Su compromiso con la Historia —no como adorno retórico, sino como brújula moral— le llevaba a ver la política en perspectiva. Sabía que un país se construye a través de continuidades, no de rupturas caprichosas. En economía, esa mirada larga es esencial: las reformas efectivas requieren tiempo, estabilidad y un marco normativo previsible. Los países que alcanzan altos niveles de desarrollo lo hacen porque sus políticas no dependen de cambios bruscos en la marea ideológica, sino de consensos básicos sobre las reglas del juego. Lambán, sin renunciar a sus convicciones, defendía esos consensos como patrimonio común.
En un contexto en el que el cortoplacismo y el ventajismo parecen premiarse más que la coherencia, Lambán destacaba precisamente por lo contrario. No dudó en enfrentarse a la corriente dominante cuando consideró que esta se apartaba de los valores fundacionales de su partido y, más importante aún, de los principios que sostienen la convivencia democrática. Esa independencia de criterio es también un activo económico: las decisiones que se toman pensando en el largo plazo, aunque impopulares en el momento, suelen generar mayor bienestar colectivo que las que buscan la rentabilidad política inmediata.
Su legado no se mide solo en leyes o en proyectos ejecutados, sino en la huella que deja en la cultura política. Para quienes analizamos la política desde la óptica de la economía institucional, Lambán es un ejemplo de cómo un liderazgo basado en la moderación, el respeto y el rigor puede contribuir a un clima favorable para la prosperidad. Las instituciones fuertes reducen la incertidumbre, y la certidumbre es la moneda más valiosa para la inversión, la innovación y el empleo.

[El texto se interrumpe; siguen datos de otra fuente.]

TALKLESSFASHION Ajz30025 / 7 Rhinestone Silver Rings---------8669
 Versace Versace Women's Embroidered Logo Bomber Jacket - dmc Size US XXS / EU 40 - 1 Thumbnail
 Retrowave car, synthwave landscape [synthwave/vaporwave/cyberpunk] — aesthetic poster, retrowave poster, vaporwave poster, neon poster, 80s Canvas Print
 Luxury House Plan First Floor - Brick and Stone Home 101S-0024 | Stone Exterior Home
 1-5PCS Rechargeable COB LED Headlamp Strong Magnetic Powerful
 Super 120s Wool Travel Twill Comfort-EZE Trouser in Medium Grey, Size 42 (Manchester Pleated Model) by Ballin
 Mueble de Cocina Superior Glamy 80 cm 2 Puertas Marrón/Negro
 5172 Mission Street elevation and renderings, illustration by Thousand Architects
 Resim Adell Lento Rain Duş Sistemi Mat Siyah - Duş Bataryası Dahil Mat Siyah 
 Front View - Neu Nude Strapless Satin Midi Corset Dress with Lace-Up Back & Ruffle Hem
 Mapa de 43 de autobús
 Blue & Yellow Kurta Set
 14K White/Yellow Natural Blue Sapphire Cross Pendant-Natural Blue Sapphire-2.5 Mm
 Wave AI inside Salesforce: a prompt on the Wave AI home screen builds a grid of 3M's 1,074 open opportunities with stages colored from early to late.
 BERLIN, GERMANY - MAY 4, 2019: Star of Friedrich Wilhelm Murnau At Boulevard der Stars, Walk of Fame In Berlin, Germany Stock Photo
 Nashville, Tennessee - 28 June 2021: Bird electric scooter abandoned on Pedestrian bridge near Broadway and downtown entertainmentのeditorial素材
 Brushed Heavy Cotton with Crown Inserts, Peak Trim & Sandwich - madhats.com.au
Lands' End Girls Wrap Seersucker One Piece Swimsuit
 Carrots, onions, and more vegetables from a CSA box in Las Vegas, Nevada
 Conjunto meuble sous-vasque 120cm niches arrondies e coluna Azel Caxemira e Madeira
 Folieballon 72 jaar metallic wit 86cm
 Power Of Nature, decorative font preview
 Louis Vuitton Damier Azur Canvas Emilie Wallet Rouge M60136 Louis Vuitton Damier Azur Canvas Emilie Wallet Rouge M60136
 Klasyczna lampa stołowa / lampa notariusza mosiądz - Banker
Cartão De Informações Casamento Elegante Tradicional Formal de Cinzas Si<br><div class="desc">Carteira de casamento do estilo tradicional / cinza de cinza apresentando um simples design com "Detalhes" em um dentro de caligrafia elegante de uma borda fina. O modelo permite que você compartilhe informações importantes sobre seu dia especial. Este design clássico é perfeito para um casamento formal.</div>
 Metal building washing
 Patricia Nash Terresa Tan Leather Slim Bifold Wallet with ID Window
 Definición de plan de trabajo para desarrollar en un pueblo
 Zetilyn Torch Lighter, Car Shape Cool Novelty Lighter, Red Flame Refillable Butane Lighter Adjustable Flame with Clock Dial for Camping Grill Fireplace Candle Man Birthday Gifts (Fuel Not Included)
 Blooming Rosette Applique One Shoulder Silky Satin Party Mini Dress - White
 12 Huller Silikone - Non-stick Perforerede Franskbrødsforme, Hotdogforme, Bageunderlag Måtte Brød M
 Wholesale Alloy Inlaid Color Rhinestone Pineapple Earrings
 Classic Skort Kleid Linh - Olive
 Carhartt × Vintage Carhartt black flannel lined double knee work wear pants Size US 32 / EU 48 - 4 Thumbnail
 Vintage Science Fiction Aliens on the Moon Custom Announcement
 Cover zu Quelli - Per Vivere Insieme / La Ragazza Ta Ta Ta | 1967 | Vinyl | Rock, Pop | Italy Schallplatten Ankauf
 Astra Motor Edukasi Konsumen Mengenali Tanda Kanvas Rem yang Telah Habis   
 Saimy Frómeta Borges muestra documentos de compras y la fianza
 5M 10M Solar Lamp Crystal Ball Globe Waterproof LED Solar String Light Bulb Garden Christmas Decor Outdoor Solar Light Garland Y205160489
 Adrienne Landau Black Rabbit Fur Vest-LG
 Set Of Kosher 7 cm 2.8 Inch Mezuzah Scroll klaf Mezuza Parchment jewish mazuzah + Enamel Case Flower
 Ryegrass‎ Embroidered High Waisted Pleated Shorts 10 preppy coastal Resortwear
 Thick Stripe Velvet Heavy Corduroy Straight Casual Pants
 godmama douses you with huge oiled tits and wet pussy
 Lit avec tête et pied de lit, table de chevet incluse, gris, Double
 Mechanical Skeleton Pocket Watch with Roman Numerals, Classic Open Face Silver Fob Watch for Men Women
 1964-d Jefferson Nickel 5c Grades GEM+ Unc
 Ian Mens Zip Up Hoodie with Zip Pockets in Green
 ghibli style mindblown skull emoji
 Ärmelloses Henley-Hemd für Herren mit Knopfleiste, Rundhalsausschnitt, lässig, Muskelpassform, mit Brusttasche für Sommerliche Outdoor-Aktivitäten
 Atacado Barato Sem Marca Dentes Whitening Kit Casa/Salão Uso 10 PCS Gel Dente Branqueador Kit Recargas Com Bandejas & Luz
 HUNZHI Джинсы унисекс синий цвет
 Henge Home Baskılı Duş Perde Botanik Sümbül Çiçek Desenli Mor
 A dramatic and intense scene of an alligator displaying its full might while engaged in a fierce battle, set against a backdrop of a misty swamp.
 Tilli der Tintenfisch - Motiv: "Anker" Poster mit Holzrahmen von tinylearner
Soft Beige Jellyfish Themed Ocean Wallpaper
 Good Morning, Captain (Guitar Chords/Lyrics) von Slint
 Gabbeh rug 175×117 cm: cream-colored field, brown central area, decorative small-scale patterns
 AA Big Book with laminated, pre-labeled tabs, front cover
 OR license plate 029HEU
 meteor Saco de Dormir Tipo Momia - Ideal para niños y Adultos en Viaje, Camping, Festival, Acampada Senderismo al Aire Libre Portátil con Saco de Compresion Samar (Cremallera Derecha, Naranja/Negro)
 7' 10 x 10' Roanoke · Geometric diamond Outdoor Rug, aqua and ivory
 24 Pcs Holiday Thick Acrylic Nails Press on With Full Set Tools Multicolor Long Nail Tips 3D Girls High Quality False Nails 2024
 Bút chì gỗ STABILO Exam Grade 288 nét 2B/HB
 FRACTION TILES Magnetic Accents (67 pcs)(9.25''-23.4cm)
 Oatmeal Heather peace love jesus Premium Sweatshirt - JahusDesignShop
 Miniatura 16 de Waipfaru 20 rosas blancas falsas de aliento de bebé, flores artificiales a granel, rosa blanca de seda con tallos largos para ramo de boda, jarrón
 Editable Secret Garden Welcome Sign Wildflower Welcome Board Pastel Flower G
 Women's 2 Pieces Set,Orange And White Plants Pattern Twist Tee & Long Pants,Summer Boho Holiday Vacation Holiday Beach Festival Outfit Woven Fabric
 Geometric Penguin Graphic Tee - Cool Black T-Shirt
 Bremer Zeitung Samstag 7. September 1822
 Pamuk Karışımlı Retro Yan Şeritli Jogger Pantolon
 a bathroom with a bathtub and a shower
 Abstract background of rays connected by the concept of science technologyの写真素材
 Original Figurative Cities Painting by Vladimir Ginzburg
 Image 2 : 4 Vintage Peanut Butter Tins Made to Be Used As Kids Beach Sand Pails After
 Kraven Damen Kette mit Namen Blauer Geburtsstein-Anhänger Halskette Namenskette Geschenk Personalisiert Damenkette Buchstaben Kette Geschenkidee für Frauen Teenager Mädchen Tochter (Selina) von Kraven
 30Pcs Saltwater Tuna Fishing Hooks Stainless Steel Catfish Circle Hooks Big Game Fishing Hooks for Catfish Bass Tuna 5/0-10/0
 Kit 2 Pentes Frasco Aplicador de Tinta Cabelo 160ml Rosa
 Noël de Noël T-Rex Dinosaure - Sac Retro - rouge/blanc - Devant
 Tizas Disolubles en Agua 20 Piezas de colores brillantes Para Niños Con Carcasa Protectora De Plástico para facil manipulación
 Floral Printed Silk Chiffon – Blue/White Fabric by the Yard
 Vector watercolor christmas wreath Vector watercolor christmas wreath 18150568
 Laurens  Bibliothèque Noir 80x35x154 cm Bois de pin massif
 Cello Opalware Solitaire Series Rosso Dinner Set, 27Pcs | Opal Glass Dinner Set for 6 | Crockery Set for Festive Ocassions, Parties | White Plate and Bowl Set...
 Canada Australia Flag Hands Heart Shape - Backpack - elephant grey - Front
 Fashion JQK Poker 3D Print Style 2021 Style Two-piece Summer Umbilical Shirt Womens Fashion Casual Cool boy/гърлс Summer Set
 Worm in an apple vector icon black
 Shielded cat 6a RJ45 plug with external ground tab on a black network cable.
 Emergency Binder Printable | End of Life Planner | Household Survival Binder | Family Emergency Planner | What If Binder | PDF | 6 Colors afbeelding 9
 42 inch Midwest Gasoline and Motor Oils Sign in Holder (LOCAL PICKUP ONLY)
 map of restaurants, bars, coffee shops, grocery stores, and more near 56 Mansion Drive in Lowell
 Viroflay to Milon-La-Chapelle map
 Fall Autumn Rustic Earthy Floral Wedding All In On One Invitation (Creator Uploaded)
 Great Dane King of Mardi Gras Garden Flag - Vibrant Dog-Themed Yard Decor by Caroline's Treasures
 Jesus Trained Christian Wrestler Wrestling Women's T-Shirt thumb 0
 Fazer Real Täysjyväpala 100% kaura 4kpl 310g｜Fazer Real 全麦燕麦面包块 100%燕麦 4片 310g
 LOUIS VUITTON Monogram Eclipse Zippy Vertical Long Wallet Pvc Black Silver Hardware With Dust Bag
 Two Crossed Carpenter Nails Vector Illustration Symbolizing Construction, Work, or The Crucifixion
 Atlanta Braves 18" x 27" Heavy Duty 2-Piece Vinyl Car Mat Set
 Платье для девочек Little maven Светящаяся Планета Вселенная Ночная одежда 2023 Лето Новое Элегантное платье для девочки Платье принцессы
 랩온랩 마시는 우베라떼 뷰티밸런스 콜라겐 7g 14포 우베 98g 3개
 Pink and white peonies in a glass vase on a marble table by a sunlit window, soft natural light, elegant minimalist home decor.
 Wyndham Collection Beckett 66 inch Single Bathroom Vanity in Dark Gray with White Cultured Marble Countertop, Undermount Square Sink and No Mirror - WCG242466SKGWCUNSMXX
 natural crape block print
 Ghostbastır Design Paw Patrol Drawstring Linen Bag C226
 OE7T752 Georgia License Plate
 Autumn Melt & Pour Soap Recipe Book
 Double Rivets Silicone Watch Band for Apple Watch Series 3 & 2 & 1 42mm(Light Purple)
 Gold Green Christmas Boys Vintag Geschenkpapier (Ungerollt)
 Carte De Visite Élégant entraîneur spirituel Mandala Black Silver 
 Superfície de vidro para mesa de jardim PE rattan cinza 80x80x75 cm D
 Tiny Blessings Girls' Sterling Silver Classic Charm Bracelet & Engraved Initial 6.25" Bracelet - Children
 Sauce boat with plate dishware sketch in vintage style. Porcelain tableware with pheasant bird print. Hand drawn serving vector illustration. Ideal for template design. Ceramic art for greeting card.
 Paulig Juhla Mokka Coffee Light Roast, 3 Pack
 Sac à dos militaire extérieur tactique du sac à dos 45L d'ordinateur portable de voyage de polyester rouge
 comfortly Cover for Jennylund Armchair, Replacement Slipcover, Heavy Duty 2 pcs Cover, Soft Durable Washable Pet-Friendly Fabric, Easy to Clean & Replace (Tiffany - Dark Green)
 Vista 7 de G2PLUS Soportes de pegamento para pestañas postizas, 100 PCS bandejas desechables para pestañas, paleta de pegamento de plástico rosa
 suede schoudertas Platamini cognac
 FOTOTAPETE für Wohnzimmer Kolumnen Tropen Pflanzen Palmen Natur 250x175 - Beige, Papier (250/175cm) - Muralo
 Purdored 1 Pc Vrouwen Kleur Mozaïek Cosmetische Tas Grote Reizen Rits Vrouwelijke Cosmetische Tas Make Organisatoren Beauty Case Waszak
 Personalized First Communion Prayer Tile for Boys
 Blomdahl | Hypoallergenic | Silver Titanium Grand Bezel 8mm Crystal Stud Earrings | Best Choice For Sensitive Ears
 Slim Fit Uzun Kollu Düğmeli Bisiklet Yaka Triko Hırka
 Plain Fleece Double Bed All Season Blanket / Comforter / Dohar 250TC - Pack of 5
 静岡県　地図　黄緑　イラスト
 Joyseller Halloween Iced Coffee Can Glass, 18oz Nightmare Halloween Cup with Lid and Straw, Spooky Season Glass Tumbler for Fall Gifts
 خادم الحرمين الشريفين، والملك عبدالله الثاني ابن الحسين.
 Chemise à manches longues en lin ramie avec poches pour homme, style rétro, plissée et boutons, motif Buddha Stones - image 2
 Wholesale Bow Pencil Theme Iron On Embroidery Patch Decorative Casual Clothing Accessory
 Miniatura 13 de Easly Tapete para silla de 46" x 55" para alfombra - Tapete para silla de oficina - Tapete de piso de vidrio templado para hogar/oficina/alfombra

Por eso su figura trasciende la política aragonesa. Su defensa del marco constitucional, su rechazo a la utilización partidista de las instituciones y su apuesta por una socialdemocracia reformista y europeísta son referencias que deberían inspirar a cualquier dirigente, sea cual sea su color político. La experiencia internacional es clara: los países que han sabido combinar estabilidad institucional, apertura al mundo y cohesión social son los que han logrado mayores niveles de desarrollo humano y económico. En ese sentido, Lambán fue un dirigente que entendió la economía no solo como gestión de recursos, sino como administración de un bien más frágil: la confianza.
La historia juzgará a cada político en su contexto, pero hay conductas que resisten el desgaste del tiempo. Lambán se ganó un lugar en el patrimonio moral del socialismo español no por cálculo, sino por coherencia. En un escenario donde el fanatismo militante gana terreno y la ignorancia soberbia se disfraza de audacia, él representó la razón y la mesura. Frente a la improvisación, planificación; frente al sectarismo, apertura; frente al ruido, argumentación.
Hoy, desde la distancia que nos impone su ausencia, cabe preguntarse cuántos dirigentes actuales están dispuestos a asumir el coste de ser coherentes. Porque la economía, como la democracia, se basa en reglas, y esas reglas solo se mantienen vivas si quienes las sirven lo hacen con integridad. Lambán lo hizo. Por eso su pérdida duele no solo a los suyos, sino a cualquiera que crea que un país se construye con instituciones fuertes, ciudadanos libres e ideas debatidas sin miedo.
«En un escenario donde el fanatismo militante gana terreno y la ignorancia soberbia se disfraza de audacia, él representó la razón y la mesura»
Descanse en paz, Javier Lambán. Que su ejemplo —mezcla de razón y pasión, de inteligencia y compromiso— siga iluminando a quienes entienden que la política es, ante todo, un servicio al bien común. Y que su recuerdo nos recuerde que sin Estado de Derecho no hay democracia, y sin democracia no hay economía que merezca tal nombre.